Thermodynamic Performance Evaluation of Concentrating Solar Collector with Supercritical Carbon Dioxide (sCO2) Base Nanofluids

• Published in: Arabian journal for science and engineering (2011) Vol. 45; no. 7; pp. 5729 - 5740
• Main Authors: Corumlu, Vahit, Uzun, Recep Onur, Ozturk, Murat
• Format: Journal Article
• Language: English
• Published: Berlin/Heidelberg Springer Berlin Heidelberg 01.07.2020; Springer Nature B.V
• Subjects: Ambient temperature; Carbon black; Carbon dioxide; Computational fluid dynamics; Engineering; Exergy; Fluids; High temperature; Humanities and Social Sciences; Inlet temperature; Mass flow rate; multidisciplinary; Nanofluids; Nanoparticles; Performance evaluation; Research Article-Mechanical Engineering; Science; Software engineering; Solar collectors; Temperature; Thermal analysis; Working fluids; Parabolic collector; Thermodynamic analysis; Supercritical carbon dioxide; Nanofluid
• ISSN: 2193-567X; 1319-8025; 2191-4281
• DOI: 10.1007/s13369-020-04527-1

The use of supercritical carbon dioxide as a working fluid is an important alternative to enable the use of parabolic collectors in the high-temperature applications field.
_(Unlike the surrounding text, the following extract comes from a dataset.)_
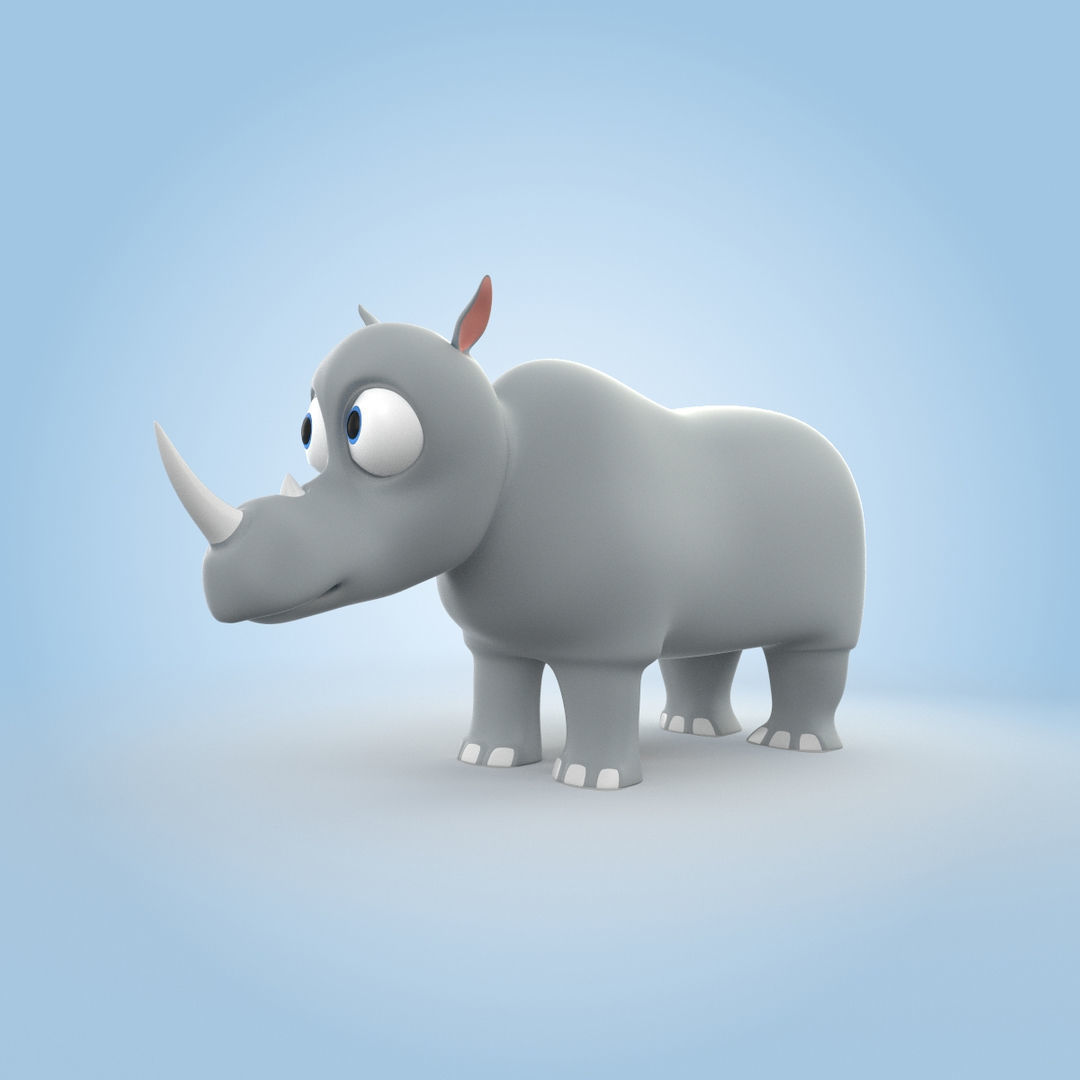 Rhino 3D model_3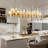 Alabaster Pendant Lights Kitchen Island Brass Hanging Lamp Mid Century Nordic Modern Chandelier For Dining Room Table Bedroom Farmhouse-1327199964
In the present paper, the effects of carbon black nanoparticles dispersed in supercritical carbon dioxide (sCO 2 ) base fluid on the energetic and exergetic performance of parabolic trough collectors are theoretically investigated. Thermal modeling and performance analyses are performed through the developed model in the Engineering Equation Solver software. To present operating conditions of the system, all working fluids are tested under a pressure of 80 bar at a mass flow rate of 1.1 kg/s. In these analyses, the fluid inlet temperature, ambient temperature, and nanofluid concentration are determined as the variable indicators. Up to approximately working fluid inlet temperature of 705 K, the exergy efficiencies of the concentrating collectors using the sCO 2 nanofluids are higher than that of the concentrating collector using the sCO 2 base fluid. Additionally, the exergy efficiency increases in the systems using nanofluids with 2% and 4% concentration ratio are between 0.34–6.96% and 0.49–11.44%, respectively, according to the system using base fluid. Besides, at the working fluid inlet temperature values greater than 705 K, the exergy efficiency of the collector of using the sCO 2 working fluid is found higher than the collectors using the nanofluids. However, at the same working fluid inlet temperatures, the fluid outlet temperatures of the collectors with the sCO 2 nanofluids are higher than the system with sCO 2 working fluid.